Available data:
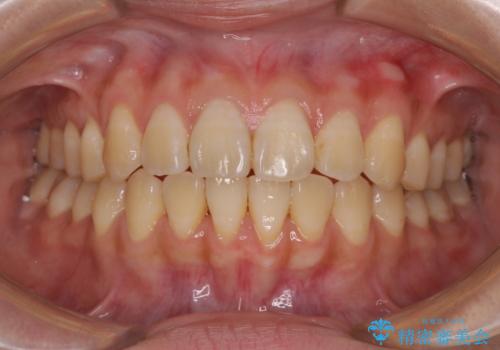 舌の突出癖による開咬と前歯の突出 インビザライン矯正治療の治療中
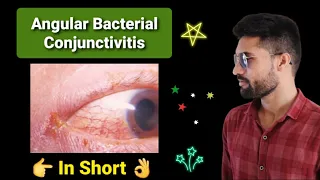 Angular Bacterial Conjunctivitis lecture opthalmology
==
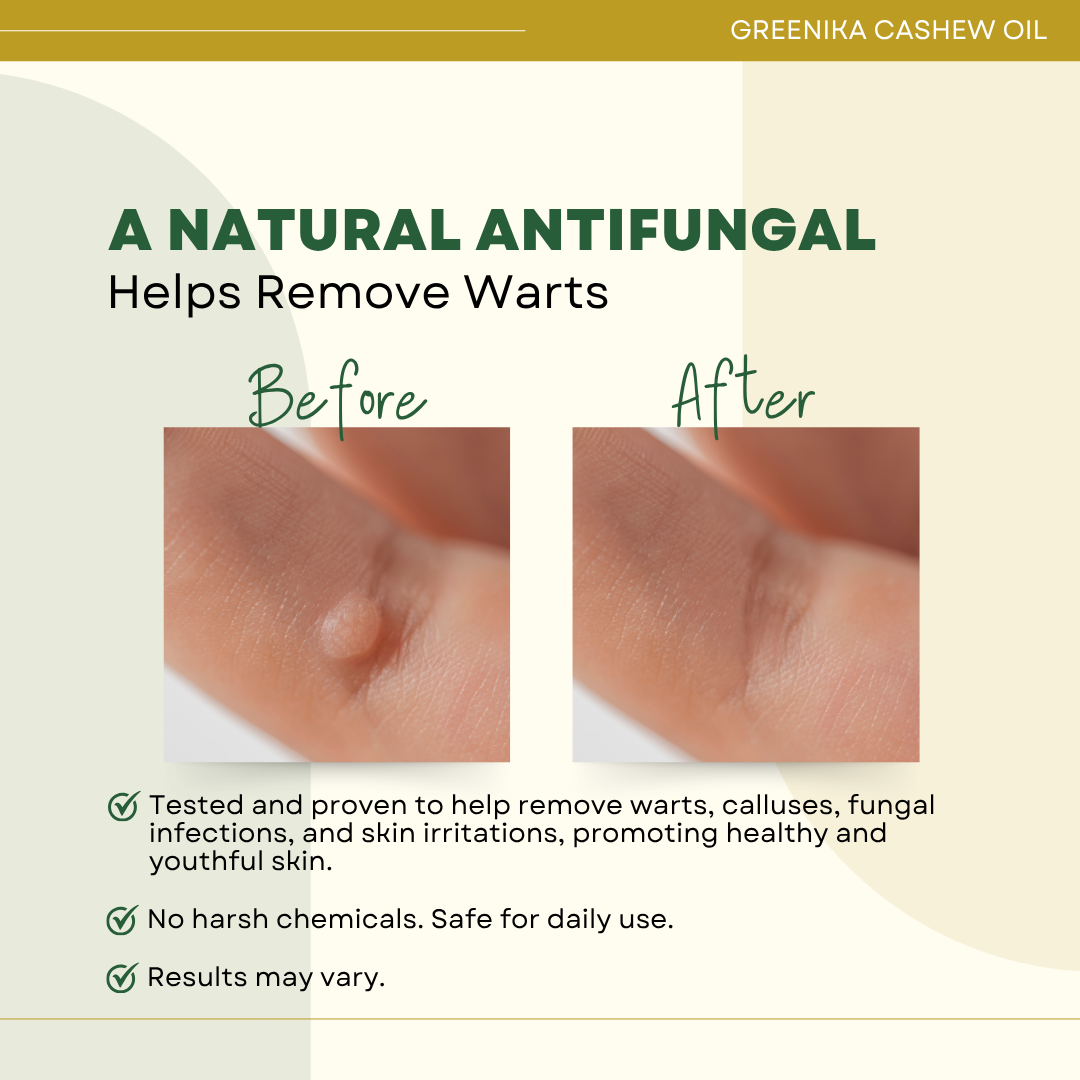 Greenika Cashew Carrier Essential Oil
---
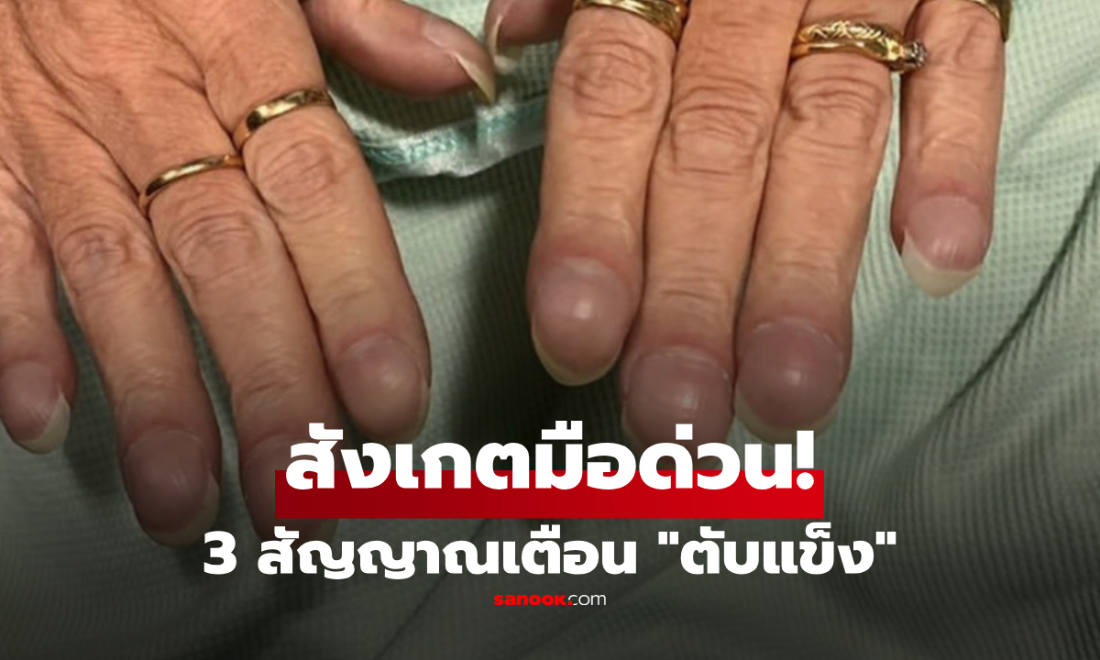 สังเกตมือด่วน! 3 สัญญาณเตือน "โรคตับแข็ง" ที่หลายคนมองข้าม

Your task:
Only one stretch of the listing is wanted: the lines starting at the one with "舌の突出癖による開咬と前歯の突出 インビザライン矯正治療の治療中" and ending at the one with "Angular Bacterial Conjunctivitis", copied exactly and free of pictures.

Reply to the task:
 舌の突出癖による開咬と前歯の突出 インビザライン矯正治療の治療中
 Angular Bacterial Conjunctivitis lecture opthalmology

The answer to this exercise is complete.